Ennis Inc. Reports Results for the First Quarter Ended May 31, 2010
Midlothian, Texas-based Ennis Inc. has reported financial results for the first quarter ended May 31, 2010.
For the quarter, consolidated net sales increased by $9.9 million, or 7.6 percent, from $130.8 million for the quarter ended May 31, 2009 to $140.7 million for the quarter ended May 31, 2010. Print sales for the quarter were $67.8 million, compared to $71.7 million for the same quarter last year, or a decrease of 5.4 percent. Apparel sales for the quarter were $73 million, compared to $59.1 million for the same quarter last year, or an increase of 23.5 percent. Overall gross profit margins ("margins") increased from 23.7 percent to 30 percent for the quarters ended May 31, 2009 and May 31, 2010, respectively. Print margins increased from 26.4 percent to 30.3 percent, and Apparel margins increased from 20.4 percent to 29.7 percent, for the quarters ended May 31, 2009 and May 31, 2010, respectively. Net earnings for the quarter increased from $6.6 million, or 5.1 percent of sales, for the quarter ended May 31, 2009 to $13 million, or 9.3 percent of sales, for the quarter ended May 31, 2010. Diluted EPS increased from $0.26 per share to $0.50 per share for the quarters ended May 31, 2009 and May 31, 2010, respectively. The company, during the quarter, generated $23.7 million in EBITDA (earnings before interest, taxes, depreciation and amortization) compared to $14.3 million for the comparable quarter last year.

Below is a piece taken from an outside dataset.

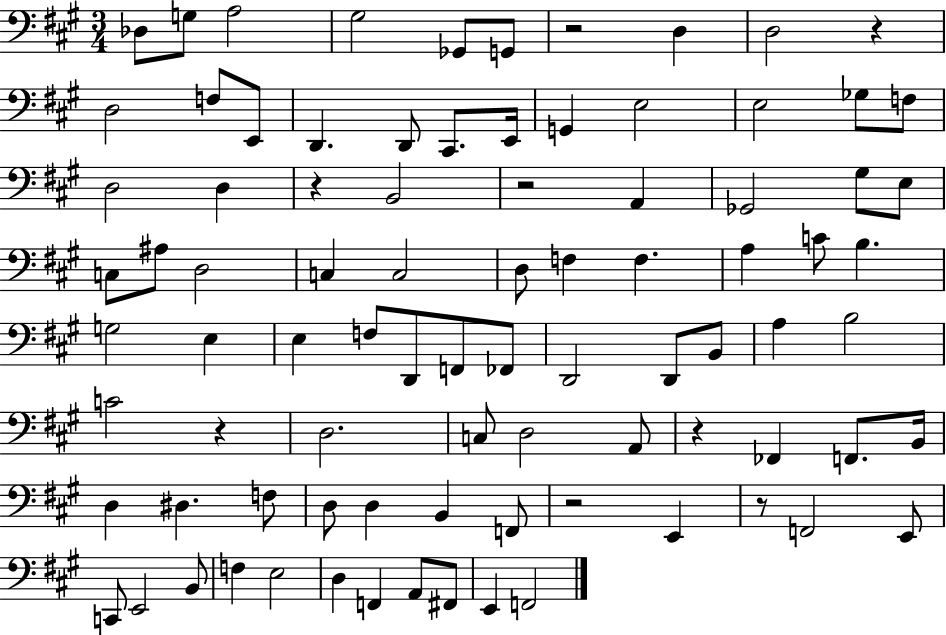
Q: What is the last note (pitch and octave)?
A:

Keith Walters, chairman, chief executive officer and president, commented by saying, "We are extremely pleased with the operational results this quarter. Operationally, both sectors were able to significantly increase their margins, with print increasing 390 basis points, against paper costs increases, and apparel increasing 930 bps due to continued operational efficiencies and lower cotton pricing. Our apparel sector showed strong sales growth during the quarter as well, without having to make major price concessions. While we saw the benefit of lower cotton costs during the quarter in our apparel sector, we continue to be concerned with current cotton pricing which continues to be extremely high. Also, we recently received notification of additional paper price increases. Our ability to pass these costs increases on to the market continues to be unknown and is dependent upon the continuing economic recovery and the actions of our competitors. The construction of our new apparel manufacturing facility in Agua Prieta, Mexico continues to progress and we continue to expect that production will begin in this facility during the third quarter of our current fiscal year. We continue to look forward to the start-up of this new facility and the potential cost savings, once fully operational. So while much was accomplished during this last quarter, many challenges remain for fiscal year 2011. As always, we will continue to remain vigilant to the task at hand."